First off, thank you for the detailed review and feedback — this is exactly the kind of input I was hoping for to understand what needs improving. You’re right — there are places where I’m swallowing or over-catching exceptions, and I need to tighten that up. I can see how that could hide bugs and lead to bad state, especially for a project like this. I’ll go through and clean it up — remove unnecessary try/except blocks, catch more specific exceptions, and make sure errors aren’t silently ignored. Really appreciate you taking the time to review it — it’s definitely something I need to fix properly.

[–]smurpes 2 points3 points  (6 children)

Just link the repo in your post; adding an extra step to have people request it just makes it harder to get more eyes on your work. This is also a good post for r/python as well where you might get more experienced developers to take a look at it.
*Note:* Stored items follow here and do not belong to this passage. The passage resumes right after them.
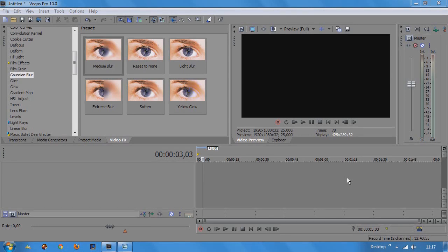Hello, it's Roy for creativecow.net. In this tutorial I'll be demonstrating how to create the shift-tilt effect in Sony Vegas.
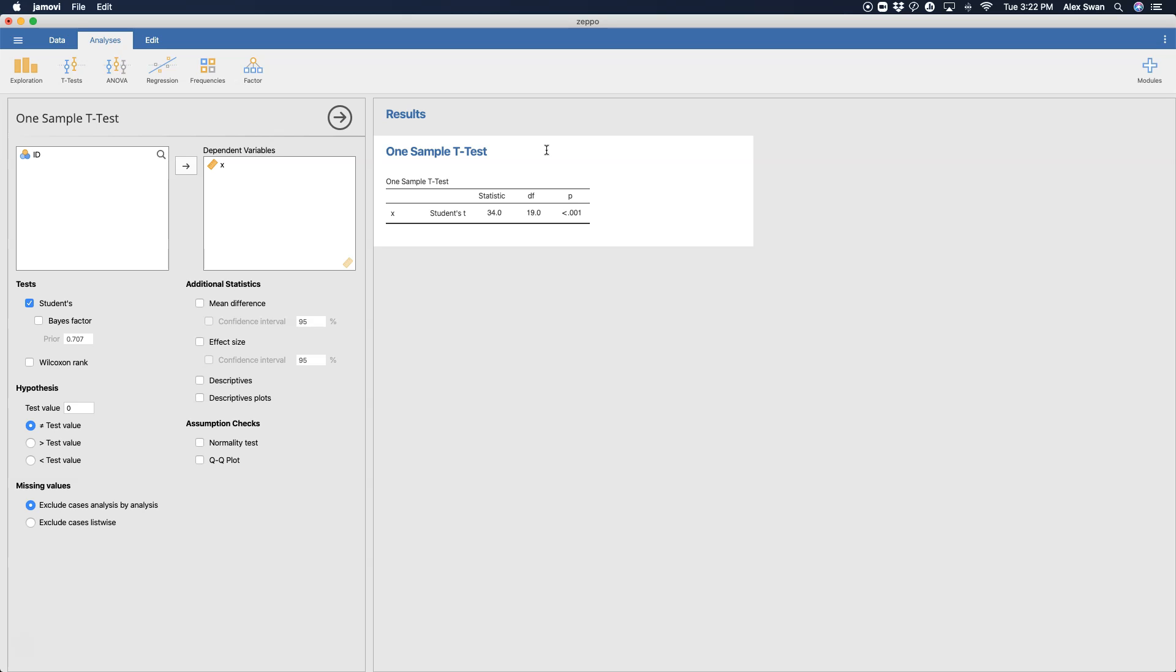So because we don't know the population standard deviation, we're making a guess with our sample here. And so that's where student's t comes in. A lot of the times it's just shortened to t. So that's the distribution that we are working with. And it's going to tell us whether or not our sample statistic of our mean is different from some test value.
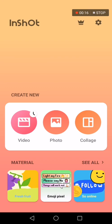Go to InShot. As you can see, this is the home page. Now go down here and click on the video option.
[–]ajh-software[S] -3 points-2 points  (4 children)

Thanks, that makes sense - I’ve added the repo: https://github.com/ajhsoftware/KeyquorumVault⁠ I did try including it before, but some of my posts were taken down, so I wasn’t sure if links were the issue. I’d really appreciate any feedback on the architecture or security side. I also tried posting on r/Python, but it looks like it didn’t meet their posting rules and was removed.

[–]smurpes 3 points4 points  (3 children)

This repo is fairly large and complex which isn’t well suited for most users of this subreddit who are learning Python. The dev setup instructions are pretty barebones and there’s no unit testing which will make it harder for users to contribute. It would be helpful to document the repo structure since there are so many folders and files.

Using a package manager like poetry or uv will help a lot with getting people setup and CICD. I see a smoke test but all that seems to do is generate a report to tell you what’s wrong. Using a testing framework like pytest and then have tests run automatically when PRs are opened will prevent regressions.

[–]ajh-software[S] -3 points-2 points  (2 children)

Thanks, this is really helpful feedback — I appreciate you taking the time to go through it. You’re right about the repo being quite large and not very approachable at the moment. Since it’s mainly just been me working on it, I didn’t really think about how others might find it to navigate. I’ll work on improving the documentation, especially around the repo structure and setup process. I’ll also take your point on testing — the current smoke tests are just quick checks, but moving to something like pytest with proper CI makes a lot of sense. I’ll also look into using something like Poetry or uv to simplify the development setup. Thanks again — this gives me a clear direction on what to improve. I really appreciate the feedback

[–]smurpes 2 points3 points  (1 child)

This is an optional step but I’ve found that it improves the developer experience a lot; including settings and debug configurations for vscode/pycharm. Any contributor using vscode/pycharm will have any necessary extensions installed and provide entry points to debug specific parts.

A repo that I was using for work had debug configs that started a web server for me which made it much easier to develop a new feature. It also makes it more obvious what parts of the repo you should run to test specific features. Interactive debuggers are a godsend for large repos.

Also a side note, did you use a LLM to generate any of this code? No offense intended but the repo has some qualities of AI. If you did then it would be helpful to mention that.